§ **Task**
Please transcribe only the lines that run from the line bearing "家庭公寓, Royal St" to the end of the entries, keeping both end lines. Skip the pictures.

§ **Records to process**
*** Block opens ***
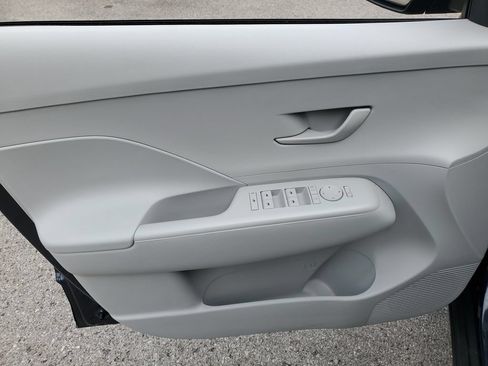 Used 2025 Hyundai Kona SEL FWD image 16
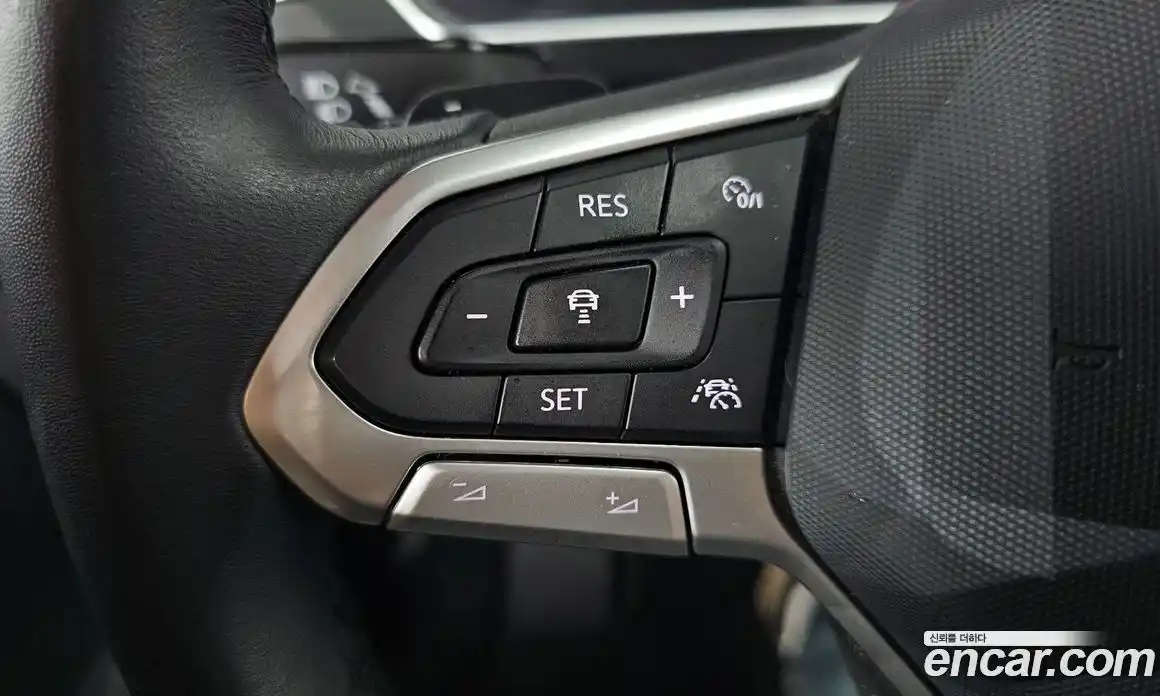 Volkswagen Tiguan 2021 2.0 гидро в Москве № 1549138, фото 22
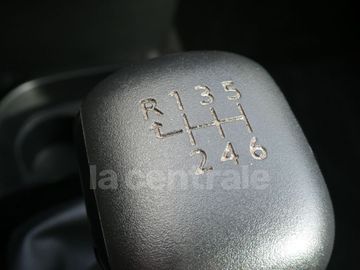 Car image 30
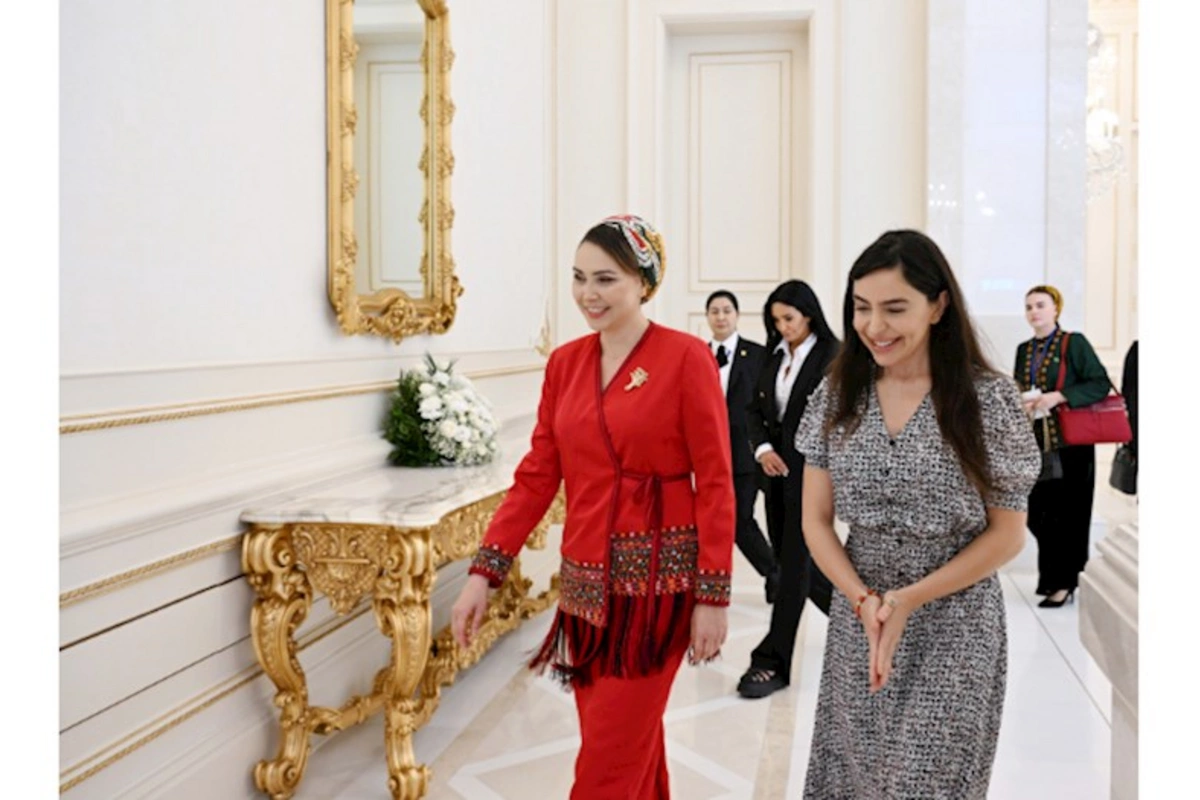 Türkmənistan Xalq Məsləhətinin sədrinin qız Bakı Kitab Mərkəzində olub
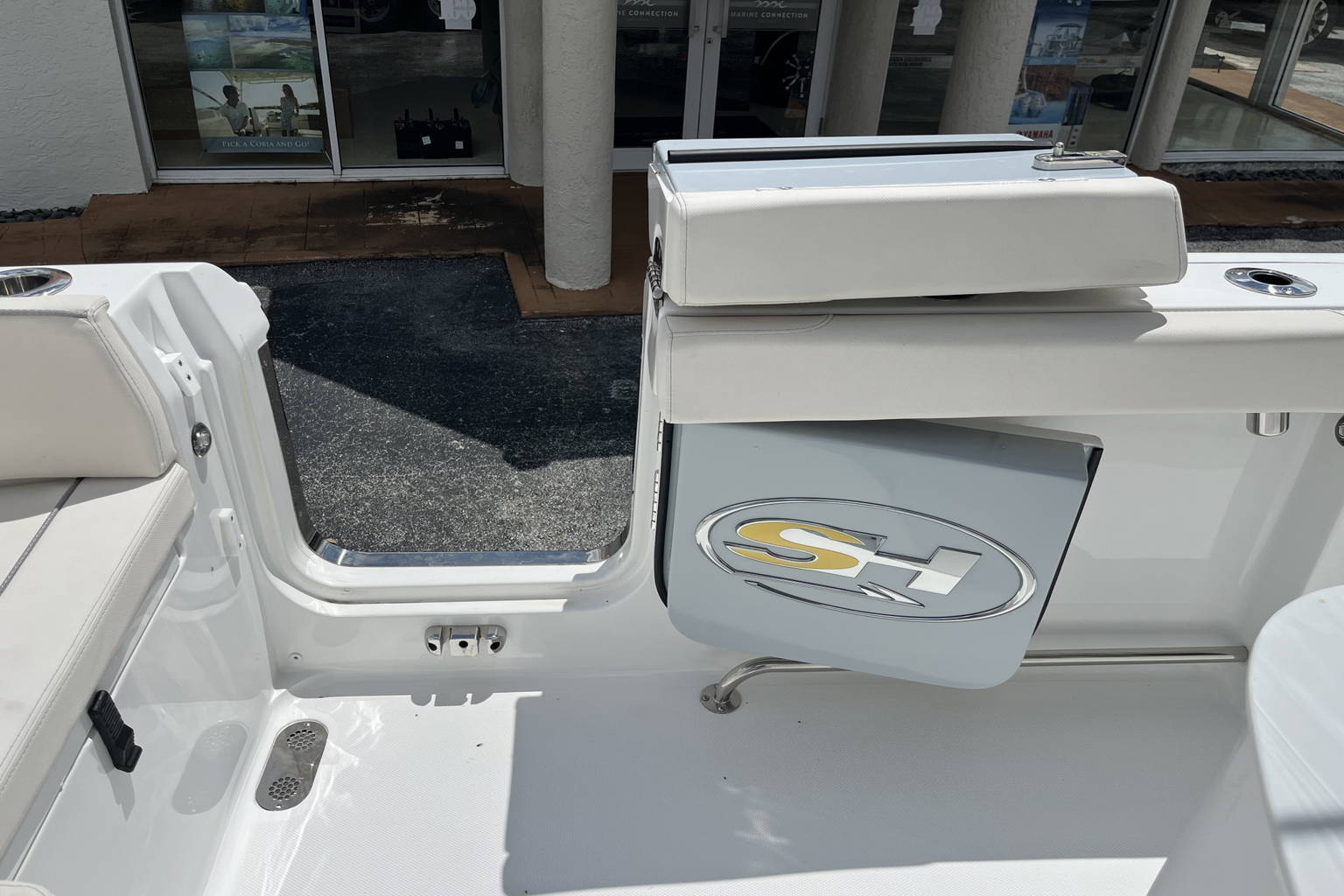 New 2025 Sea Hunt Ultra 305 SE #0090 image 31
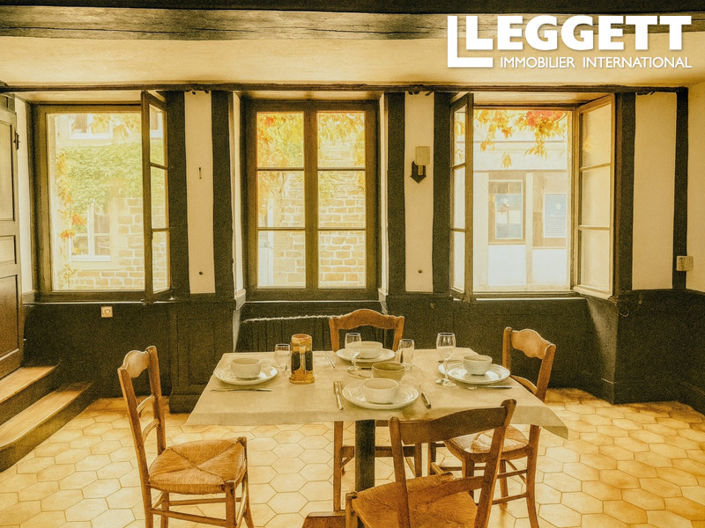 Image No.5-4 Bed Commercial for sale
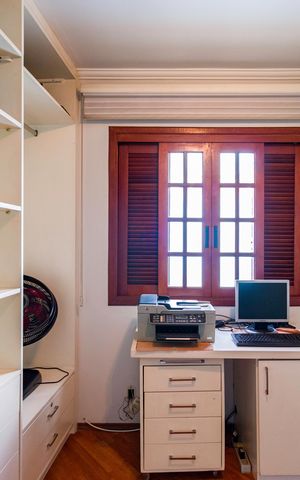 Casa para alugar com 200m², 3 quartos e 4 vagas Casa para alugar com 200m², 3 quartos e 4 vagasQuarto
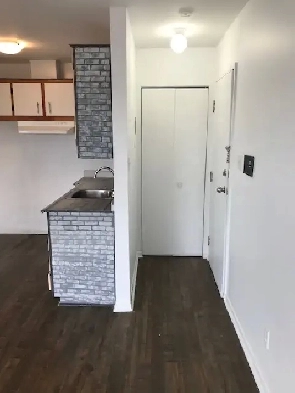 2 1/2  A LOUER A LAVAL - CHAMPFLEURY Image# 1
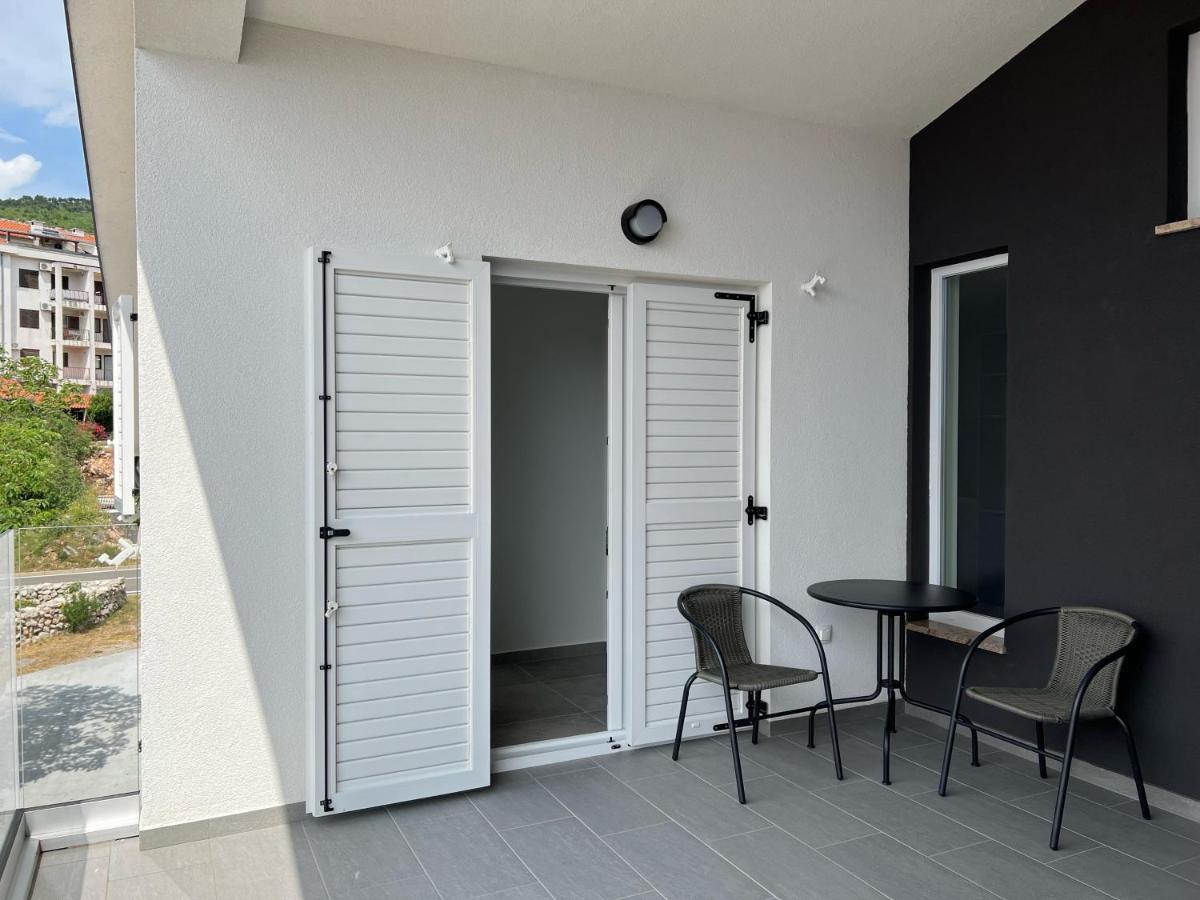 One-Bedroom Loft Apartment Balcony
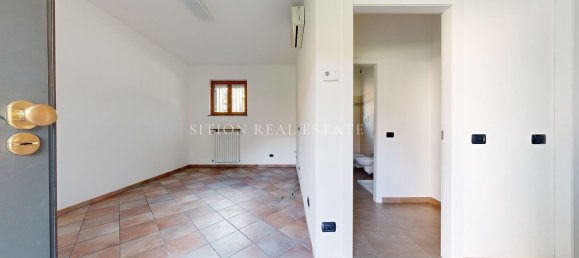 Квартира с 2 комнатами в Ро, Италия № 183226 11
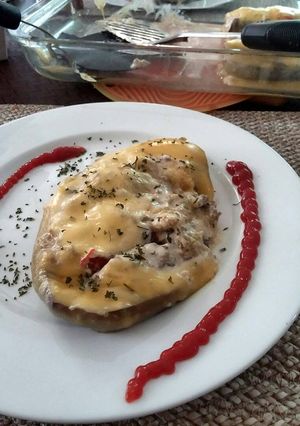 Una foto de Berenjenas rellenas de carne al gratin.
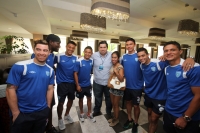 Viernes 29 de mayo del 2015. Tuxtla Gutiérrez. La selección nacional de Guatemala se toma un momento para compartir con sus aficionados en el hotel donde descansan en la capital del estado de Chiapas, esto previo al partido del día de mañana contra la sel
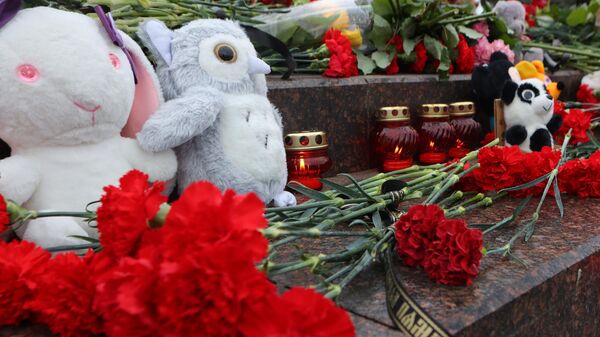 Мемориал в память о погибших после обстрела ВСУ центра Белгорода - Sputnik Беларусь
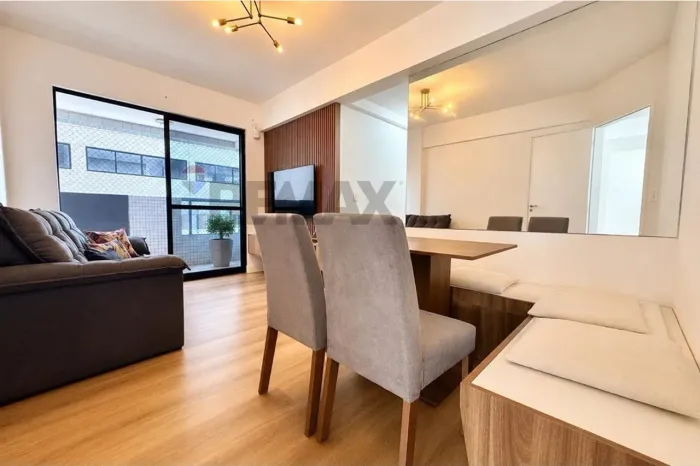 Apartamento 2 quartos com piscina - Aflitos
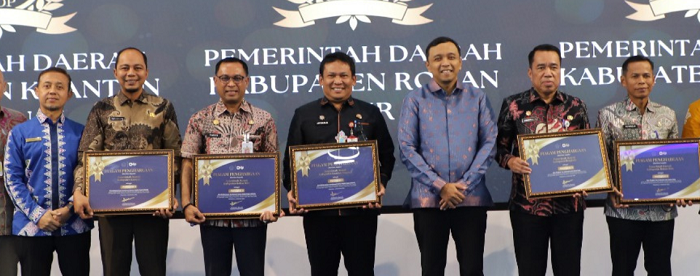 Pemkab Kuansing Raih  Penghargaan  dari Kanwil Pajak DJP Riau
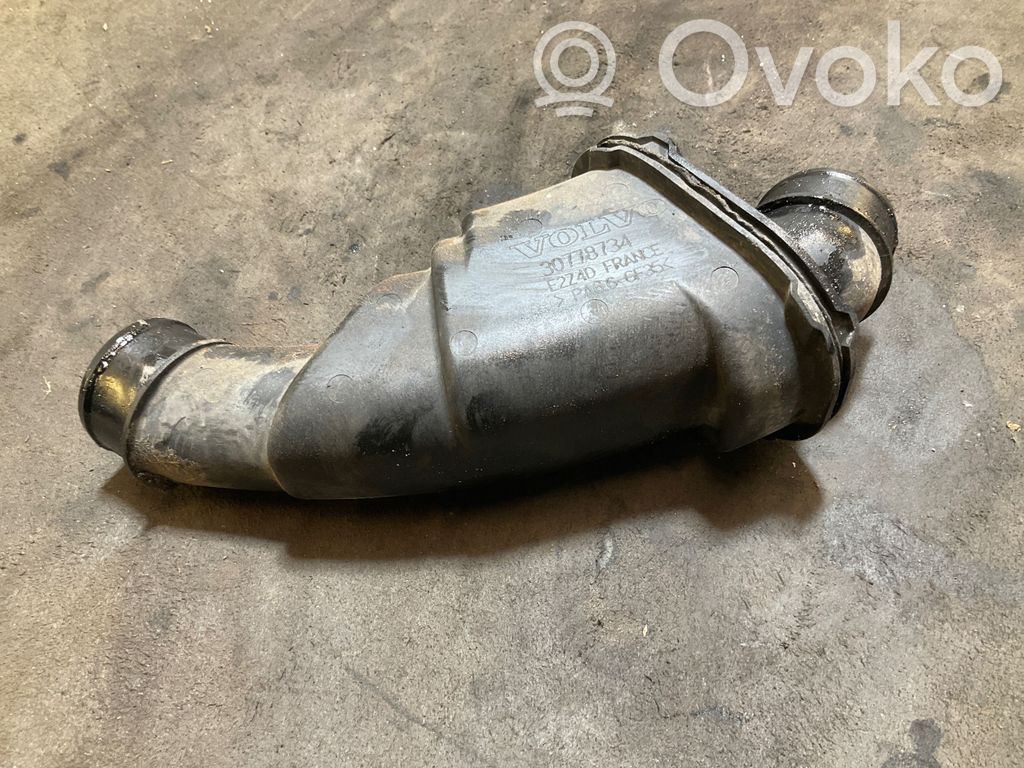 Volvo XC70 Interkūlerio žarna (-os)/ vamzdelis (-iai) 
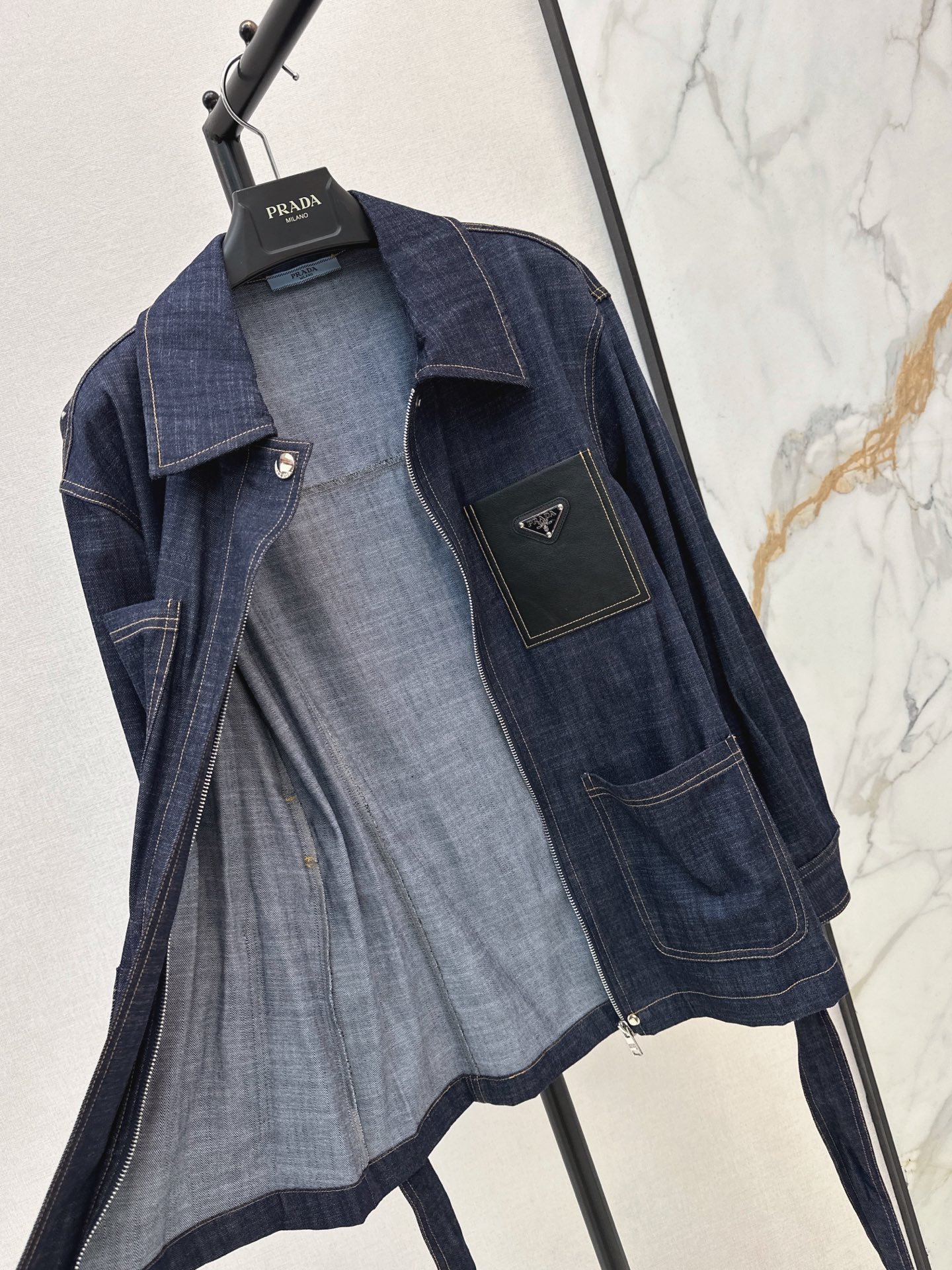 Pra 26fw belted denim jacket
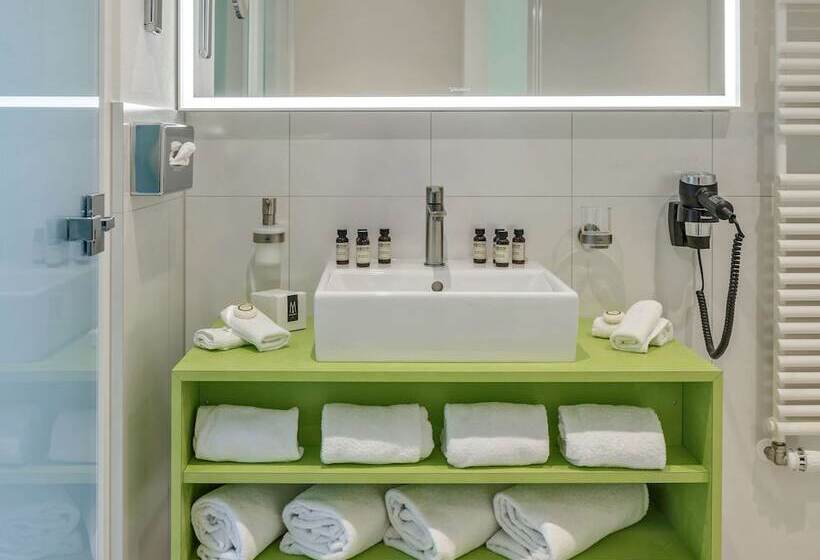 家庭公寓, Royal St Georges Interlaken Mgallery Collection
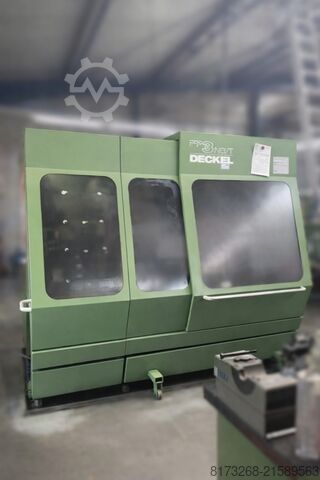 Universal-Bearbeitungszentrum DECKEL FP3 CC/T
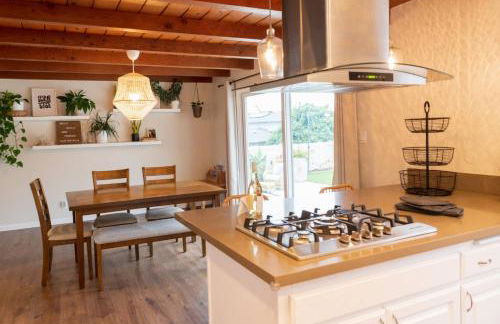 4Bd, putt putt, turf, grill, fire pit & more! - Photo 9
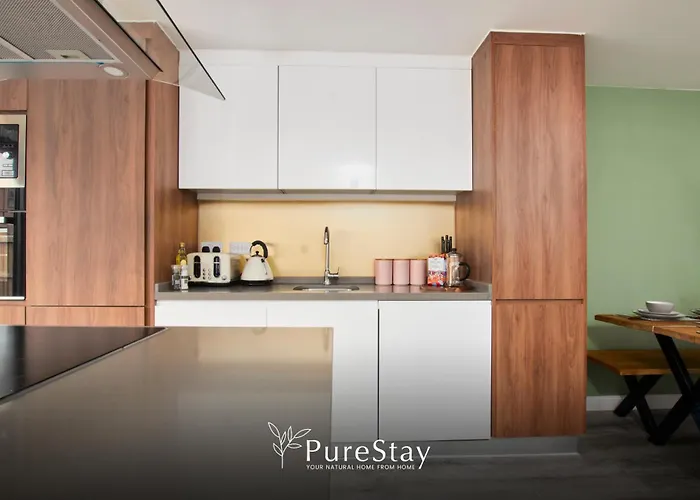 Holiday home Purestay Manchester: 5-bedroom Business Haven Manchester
*** Block closes ***
§ **Solution to this task**
 家庭公寓, Royal St Georges Interlaken Mgallery Collection
 Universal-Bearbeitungszentrum DECKEL FP3 CC/T
 4Bd, putt putt, turf, grill, fire pit & more! - Photo 9
 Holiday home Purestay Manchester: 5-bedroom Business Haven Manchester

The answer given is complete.